For instance, we know one company that regression tests every third
weekend for 24 to 36 hours per testing session. In this case,
management would like to test more frequently, but the time required is
too great.
To address these problems we are participating a long-term, collaborative research project with the following objectives:
- Construct a program-analysis infrastructure.
We are building an extensible infrastructure to implement and evaluate
a program-analysis-based testing and maintenance techniques.
Because the infrastructure must support large-scale experimentation, we
are collecting a repository of artifacts, including programs with
multiple versions, test suites, test scripts, and fault data, that will
serve as benchmark suites for use in experimentation.
- Develop scalable program-analysis techniques.
We are developing and evaluating several analysis approaches, including
demand-driven and layered approaches.
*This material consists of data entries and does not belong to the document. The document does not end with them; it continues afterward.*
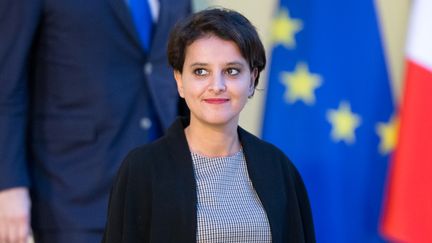 La ministre de l'Education,&nbsp;Najat Vallaud-Belkacem, le 18 novembre 2016 à Paris, à la sortie du conseil des ministres à l'Elysée. (CITIZENSIDE / YANN BOHAC / AFP)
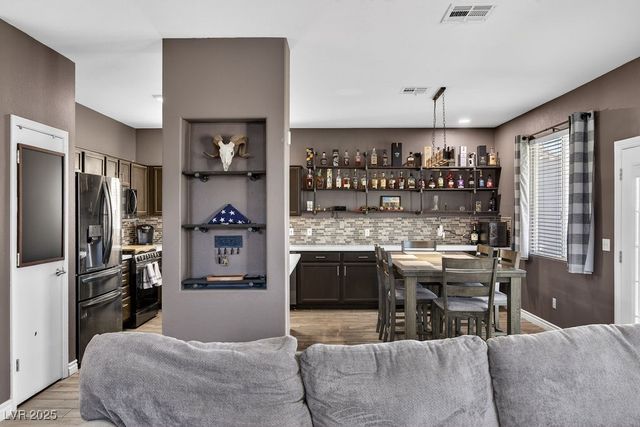 9331 Coral Berry Street, Las Vegas, NV 89123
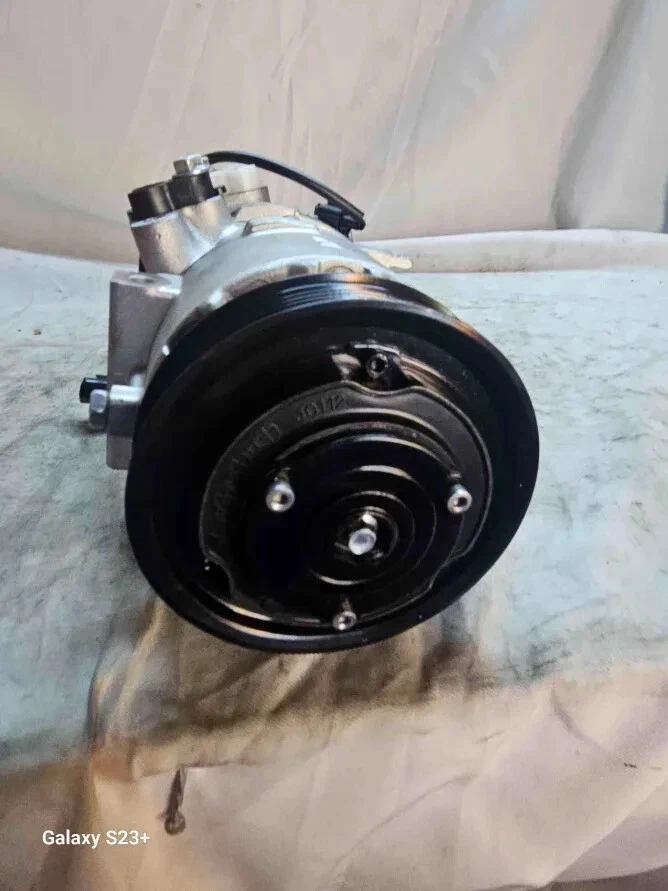 Compresor de aire acondicionado Hyundai Tucson Kia Sportage 2011-2017 97701-3Z500 Foto 4 de 4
We are also evaluating the
trade-offs between storing intermediate program representations on
secondary storage and recomputing this information.
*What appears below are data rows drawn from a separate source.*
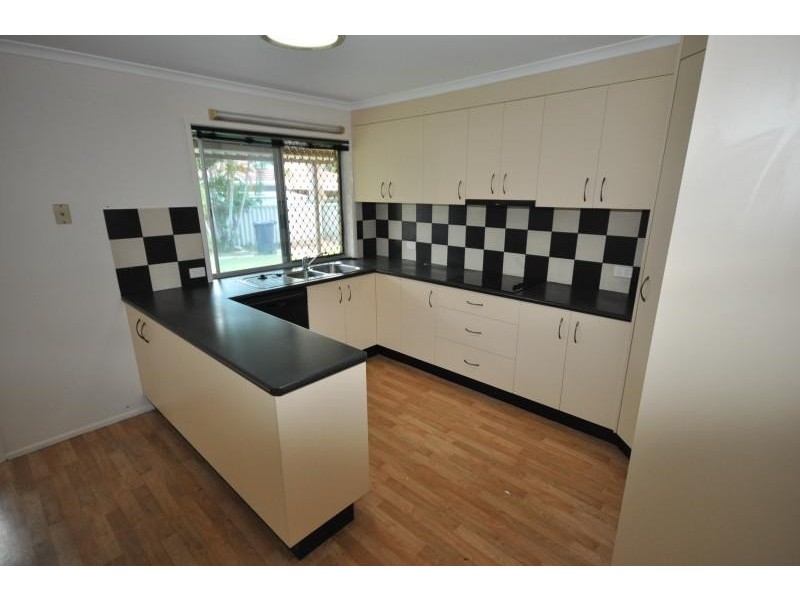 2 Flinders Street, Boronia Heights QLD 4124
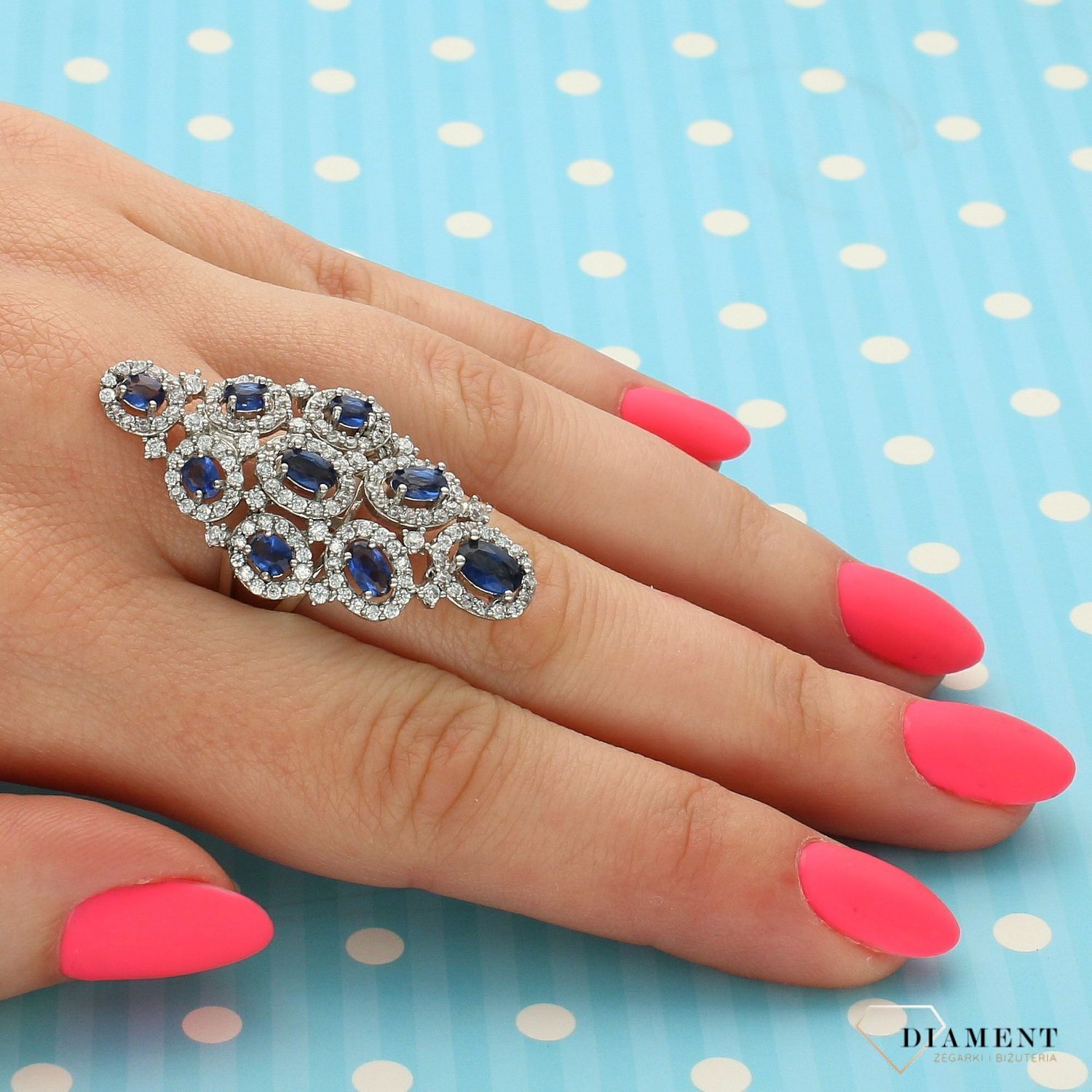 Srebrny pierścionek podłużny z niebieską cyrkonią DIA-PRS-3398-925 (1).jpg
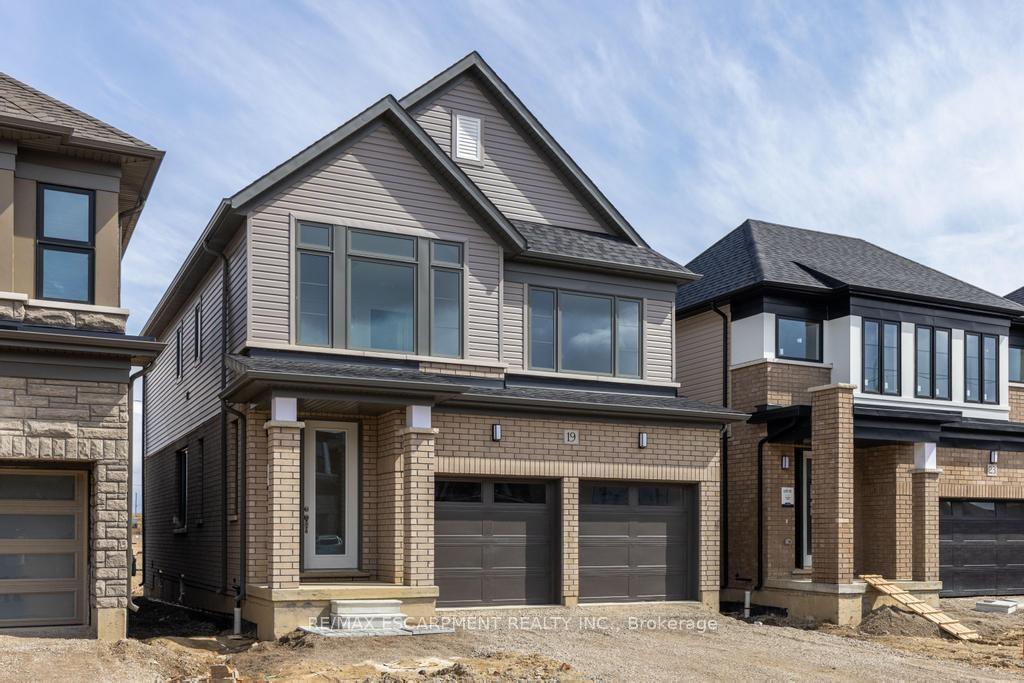 Photo 3 of 19 Blain Drive, Hamilton, Binbrook — HOMEH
- Perform large-scale experimentation.
We are conducting a family of experiments to compare the cost-benefits
of existing approaches, evaluate the gains offered by our new
approaches, and determine the value of experimental features of our
infrastructure.
This
project is sponsored by the National Science Foundation’s
Experimental Software Systems program and the research is being
performed by myself, Mary Jean Harrold and Renee Miller of the Ohio
State University, and Gregg Rothermel of Oregon State University. Our
industrial partner is the Microsoft Corporation.